Controversial as a politician – he opposed Churchill’s
determination for an unconditional surrender by Hitler – William
later became known as a playwright, writing mostly comedies in an
upper-class setting.
He was descended from the Earls of Home
and the Lambtons, Earls of Durham. Jamie’s mother was Rachel Brand,
27th Baroness Dacre and daughter of the 4th Viscount Hampden. Hence,
Jamie took on the title 28th Baron Dacre when his mother died.

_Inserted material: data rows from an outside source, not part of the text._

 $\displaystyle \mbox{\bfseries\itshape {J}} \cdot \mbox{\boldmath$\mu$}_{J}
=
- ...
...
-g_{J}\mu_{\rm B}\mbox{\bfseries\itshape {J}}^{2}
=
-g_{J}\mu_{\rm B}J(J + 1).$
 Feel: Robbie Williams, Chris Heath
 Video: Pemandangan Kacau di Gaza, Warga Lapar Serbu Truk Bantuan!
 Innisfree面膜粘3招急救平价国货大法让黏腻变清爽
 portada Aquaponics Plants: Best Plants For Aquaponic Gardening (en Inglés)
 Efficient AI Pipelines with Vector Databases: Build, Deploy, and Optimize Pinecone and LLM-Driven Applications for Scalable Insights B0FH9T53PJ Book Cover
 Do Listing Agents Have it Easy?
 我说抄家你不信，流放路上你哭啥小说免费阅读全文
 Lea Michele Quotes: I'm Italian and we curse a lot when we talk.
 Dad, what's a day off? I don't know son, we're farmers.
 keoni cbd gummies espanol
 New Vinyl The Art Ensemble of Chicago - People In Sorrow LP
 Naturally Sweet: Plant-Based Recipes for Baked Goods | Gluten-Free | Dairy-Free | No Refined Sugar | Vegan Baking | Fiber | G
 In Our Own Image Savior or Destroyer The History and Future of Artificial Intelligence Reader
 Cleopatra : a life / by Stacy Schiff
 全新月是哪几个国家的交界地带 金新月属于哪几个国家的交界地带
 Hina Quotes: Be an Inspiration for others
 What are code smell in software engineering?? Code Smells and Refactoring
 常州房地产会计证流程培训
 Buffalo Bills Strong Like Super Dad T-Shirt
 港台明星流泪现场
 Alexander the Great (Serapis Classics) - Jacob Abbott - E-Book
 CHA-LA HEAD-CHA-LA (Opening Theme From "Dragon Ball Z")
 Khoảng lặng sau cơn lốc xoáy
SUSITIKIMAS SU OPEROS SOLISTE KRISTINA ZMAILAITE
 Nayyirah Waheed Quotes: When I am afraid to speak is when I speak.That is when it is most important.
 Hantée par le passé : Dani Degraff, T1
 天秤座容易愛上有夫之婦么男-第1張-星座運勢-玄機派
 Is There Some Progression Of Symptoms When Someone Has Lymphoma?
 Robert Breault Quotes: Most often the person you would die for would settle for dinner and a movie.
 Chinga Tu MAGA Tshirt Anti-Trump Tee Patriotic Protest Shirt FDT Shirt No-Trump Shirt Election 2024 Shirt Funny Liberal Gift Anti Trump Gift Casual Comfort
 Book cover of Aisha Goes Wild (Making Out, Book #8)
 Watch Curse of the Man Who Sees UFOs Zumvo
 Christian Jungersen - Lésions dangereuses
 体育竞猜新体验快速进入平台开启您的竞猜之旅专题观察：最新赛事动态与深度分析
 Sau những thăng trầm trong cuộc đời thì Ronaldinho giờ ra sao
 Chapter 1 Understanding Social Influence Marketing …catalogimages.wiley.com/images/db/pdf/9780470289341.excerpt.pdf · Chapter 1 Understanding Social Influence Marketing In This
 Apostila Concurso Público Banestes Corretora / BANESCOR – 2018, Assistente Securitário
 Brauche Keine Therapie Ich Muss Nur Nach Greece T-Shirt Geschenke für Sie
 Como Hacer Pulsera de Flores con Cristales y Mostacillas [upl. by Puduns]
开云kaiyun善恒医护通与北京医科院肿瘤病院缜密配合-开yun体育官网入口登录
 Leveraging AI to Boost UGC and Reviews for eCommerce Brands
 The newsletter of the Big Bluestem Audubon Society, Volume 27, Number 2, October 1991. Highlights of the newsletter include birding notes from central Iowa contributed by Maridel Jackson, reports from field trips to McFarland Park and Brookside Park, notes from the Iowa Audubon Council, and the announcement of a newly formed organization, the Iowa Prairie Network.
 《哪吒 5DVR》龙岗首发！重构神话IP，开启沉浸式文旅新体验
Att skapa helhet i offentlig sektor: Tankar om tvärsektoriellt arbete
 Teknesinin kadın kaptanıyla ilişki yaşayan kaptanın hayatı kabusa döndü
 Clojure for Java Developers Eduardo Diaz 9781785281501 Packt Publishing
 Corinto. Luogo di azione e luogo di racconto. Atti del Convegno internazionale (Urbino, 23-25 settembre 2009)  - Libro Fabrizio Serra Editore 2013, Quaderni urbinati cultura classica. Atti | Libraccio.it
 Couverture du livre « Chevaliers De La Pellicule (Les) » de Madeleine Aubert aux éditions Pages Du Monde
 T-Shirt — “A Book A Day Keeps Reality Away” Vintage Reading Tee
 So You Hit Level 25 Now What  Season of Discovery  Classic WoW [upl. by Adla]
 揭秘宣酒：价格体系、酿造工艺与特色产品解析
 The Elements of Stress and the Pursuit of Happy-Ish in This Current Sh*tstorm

James Thomas Archibald Douglas-Home was born in Edinburgh. After
his family moved south to Hampshire, he went to Eton and later to
Bristol University.
There he maintained his love of horses
and began “riding out” – warming up and training thoroughbreds – for
trainer Bill Wightman at Upham, near Southampton.
Jamie’s
feel for horses won him a job as assistant to one of the UK’s most
famous trainers, Peter Walwyn, based in Lambourn, Berkshire, who was
twice champion flat racing trainer.
In the late 1970s, Jamie
set up his own stables at East Hendred, Oxfordshire, and in 1979
married Christine Stephenson, daughter of trainer Willie Stephenson,
the only trainer in the 20th century to have saddled the winners of
both the Derby and the Grand National as well as triple Champion
Hurdles winner Sir Ken.
Christine became the personal
secretary and “right-hand woman” to Henrietta Knight for more than
27 years.
“He was a kind, much-liked, fun-loving man,” Ms
Knight said. “Jamie mixed so well with people, was very intelligent
and was a very good writer.
He had a very good sense of
humour and was a very good friend. I know he was quite affected by
his wife Christine’s death. He was devoted to her.”
Another
friend, trainer James Fanshawe, wrote on his website: “So sad to
hear that a good friend, Jamie Douglas-Home, from my younger days,
has died.
“We all used to have such fun with him and his wife
Christine, especially during Royal Ascot week when a gang of us used
to stay with them. He was very amusing and the best host and he will
be missed by all his friends and [especially] so by his daughter
Emily. He and Christine were a fantastic couple. He was also a very
talented writer.”
Jamie Douglas-Home wrote several books, on
horseracing and on stately homes. They included Horse Racing in
Berkshire and Watching Monty, the latter written with the late
Johnny Henderson.
One of his best-known books was Stately
Passions: The Scandals of Britain’s Great Houses, which detailed
royal and aristocratic scandals, predominantly sexual, which took
place in Britain’s stately homes from the 16th Century until the
present.
Jamie’s wife Christine died in 2008, aged 60.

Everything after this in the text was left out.